== Extracted information

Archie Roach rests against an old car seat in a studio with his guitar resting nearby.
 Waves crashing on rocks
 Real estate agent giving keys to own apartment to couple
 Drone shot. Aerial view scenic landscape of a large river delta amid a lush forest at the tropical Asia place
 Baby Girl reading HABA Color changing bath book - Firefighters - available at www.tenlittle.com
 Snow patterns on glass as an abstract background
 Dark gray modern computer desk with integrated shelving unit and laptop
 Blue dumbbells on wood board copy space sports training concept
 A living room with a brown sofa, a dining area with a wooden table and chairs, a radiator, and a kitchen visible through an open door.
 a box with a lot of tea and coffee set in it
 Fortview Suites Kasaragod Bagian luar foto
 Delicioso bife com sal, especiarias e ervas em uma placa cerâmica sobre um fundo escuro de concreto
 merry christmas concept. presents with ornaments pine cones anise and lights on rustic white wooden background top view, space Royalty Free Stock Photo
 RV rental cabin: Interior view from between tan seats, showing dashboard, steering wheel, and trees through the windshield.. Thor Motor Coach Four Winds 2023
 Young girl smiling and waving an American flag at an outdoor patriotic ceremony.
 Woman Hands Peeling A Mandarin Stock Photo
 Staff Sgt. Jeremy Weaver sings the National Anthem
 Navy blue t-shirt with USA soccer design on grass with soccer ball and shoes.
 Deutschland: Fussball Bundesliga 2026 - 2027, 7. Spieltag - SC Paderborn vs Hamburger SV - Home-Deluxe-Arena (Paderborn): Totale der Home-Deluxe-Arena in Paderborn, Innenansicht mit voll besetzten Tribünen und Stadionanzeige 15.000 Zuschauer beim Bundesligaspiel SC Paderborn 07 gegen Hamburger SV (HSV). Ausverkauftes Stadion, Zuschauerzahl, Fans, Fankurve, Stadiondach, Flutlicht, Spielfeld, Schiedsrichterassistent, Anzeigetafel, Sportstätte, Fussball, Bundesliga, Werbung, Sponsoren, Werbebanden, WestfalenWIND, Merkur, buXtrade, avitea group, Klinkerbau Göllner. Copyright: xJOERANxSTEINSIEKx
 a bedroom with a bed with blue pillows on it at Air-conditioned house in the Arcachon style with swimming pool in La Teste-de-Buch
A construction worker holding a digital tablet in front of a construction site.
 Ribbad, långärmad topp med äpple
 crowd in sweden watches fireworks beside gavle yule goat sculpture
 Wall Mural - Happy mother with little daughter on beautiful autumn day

====

[Exercise]
Retype all the data. Nothing may be left out or altered.

[Task answer]
Archie Roach rests against an old car seat in a studio with his guitar resting nearby.
 Waves crashing on rocks
 Real estate agent giving keys to own apartment to couple
 Drone shot. Aerial view scenic landscape of a large river delta amid a lush forest at the tropical Asia place
 Baby Girl reading HABA Color changing bath book - Firefighters - available at www.tenlittle.com
 Snow patterns on glass as an abstract background
 Dark gray modern computer desk with integrated shelving unit and laptop
 Blue dumbbells on wood board copy space sports training concept
 A living room with a brown sofa, a dining area with a wooden table and chairs, a radiator, and a kitchen visible through an open door.
 a box with a lot of tea and coffee set in it
 Fortview Suites Kasaragod Bagian luar foto
 Delicioso bife com sal, especiarias e ervas em uma placa cerâmica sobre um fundo escuro de concreto
 merry christmas concept. presents with ornaments pine cones anise and lights on rustic white wooden background top view, space Royalty Free Stock Photo
 RV rental cabin: Interior view from between tan seats, showing dashboard, steering wheel, and trees through the windshield.. Thor Motor Coach Four Winds 2023
 Young girl smiling and waving an American flag at an outdoor patriotic ceremony.
 Woman Hands Peeling A Mandarin Stock Photo
 Staff Sgt. Jeremy Weaver sings the National Anthem
 Navy blue t-shirt with USA soccer design on grass with soccer ball and shoes.
 Deutschland: Fussball Bundesliga 2026 - 2027, 7. Spieltag - SC Paderborn vs Hamburger SV - Home-Deluxe-Arena (Paderborn): Totale der Home-Deluxe-Arena in Paderborn, Innenansicht mit voll besetzten Tribünen und Stadionanzeige 15.000 Zuschauer beim Bundesligaspiel SC Paderborn 07 gegen Hamburger SV (HSV). Ausverkauftes Stadion, Zuschauerzahl, Fans, Fankurve, Stadiondach, Flutlicht, Spielfeld, Schiedsrichterassistent, Anzeigetafel, Sportstätte, Fussball, Bundesliga, Werbung, Sponsoren, Werbebanden, WestfalenWIND, Merkur, buXtrade, avitea group, Klinkerbau Göllner. Copyright: xJOERANxSTEINSIEKx
 a bedroom with a bed with blue pillows on it at Air-conditioned house in the Arcachon style with swimming pool in La Teste-de-Buch
A construction worker holding a digital tablet in front of a construction site.
 Ribbad, långärmad topp med äpple
 crowd in sweden watches fireworks beside gavle yule goat sculpture
 Wall Mural - Happy mother with little daughter on beautiful autumn day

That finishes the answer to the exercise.